Release Date: September 8, 2017
Everyone who’s played the game has heard those words a time or two. But Hancock has heard them his entire life from his parents. His family has lived and breathed baseball even before he started little league.
Hancock “Parts” Peters has a name that inspires grins across many faces, but the moment those faces get their first look at him, those grins slide away.

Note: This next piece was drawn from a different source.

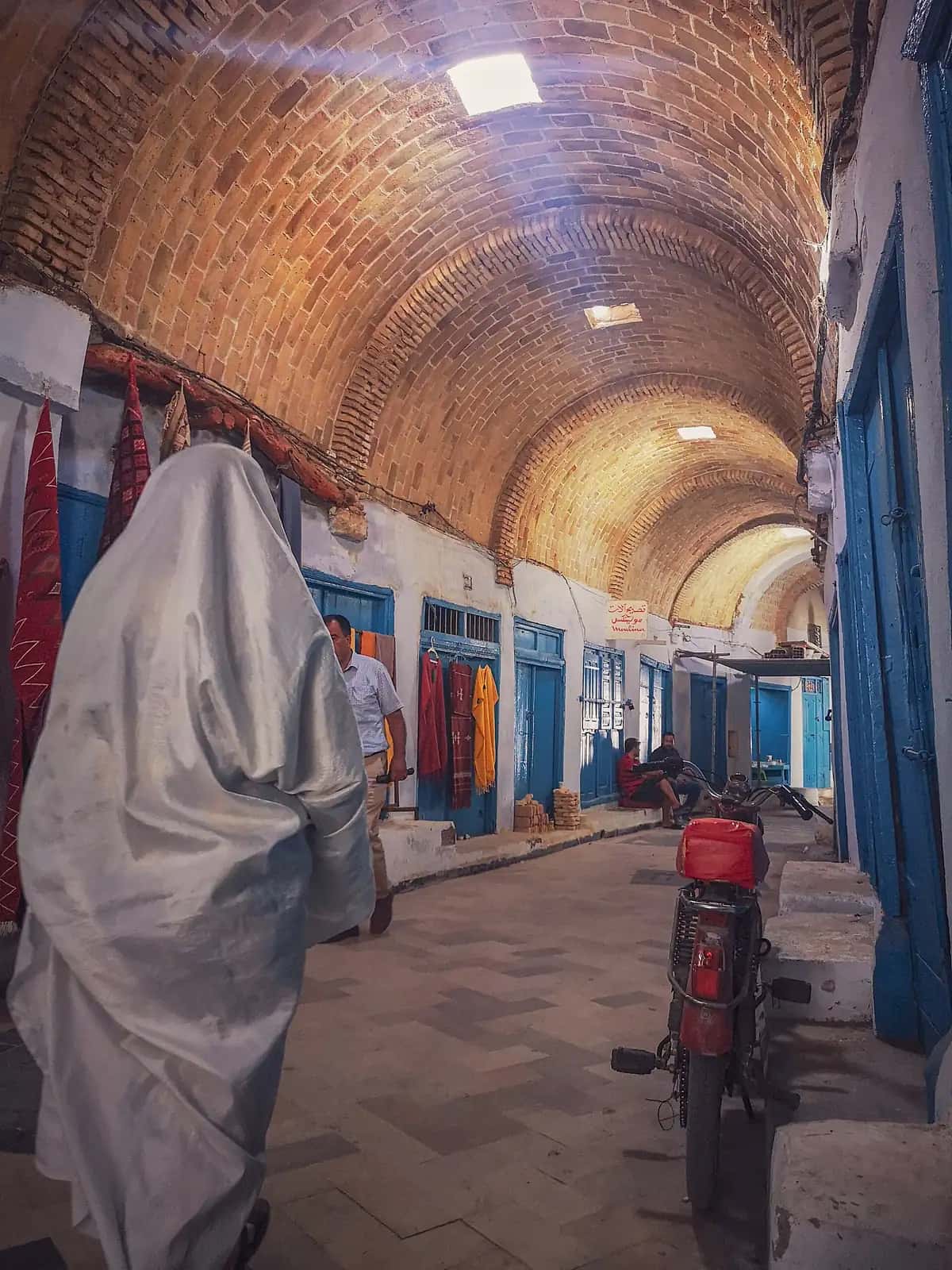 Souk voûté de la médina de Kairouan, avec une passante en sefsari blanc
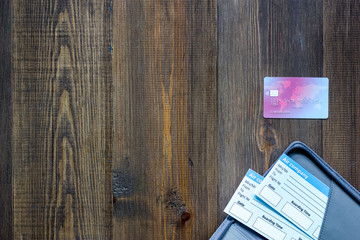 Buy tickets for travel. Tickets on wooden table background top view copyspace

Hancock is gruff, filterless, and doesn’t give a crap who he offends. He is the only man in baseball who doesn’t care if he gets an endorsement or not. He’s there to play the game. He’s there to win. He’s there because baseball is his life.
People think he’s a jerk.
And maybe he is. But if that’s how he has to come off to get people to leave him the hell alone so he can play in peace, so be it. The less people he has to worry about offending, the better.
Don’t let the fear of striking out hold you back.
Sway Coffman didn’t mean to rock the boat. She was just there to do her job.
Sure, she was a woman in a man’s world. Yes, she beat out several of those men to get the job as head athletic trainer for the professional baseball team, The Texas Lumberjacks. And yeah, she now got hate mail from those men.
But she’s good at her job, and she earned the position.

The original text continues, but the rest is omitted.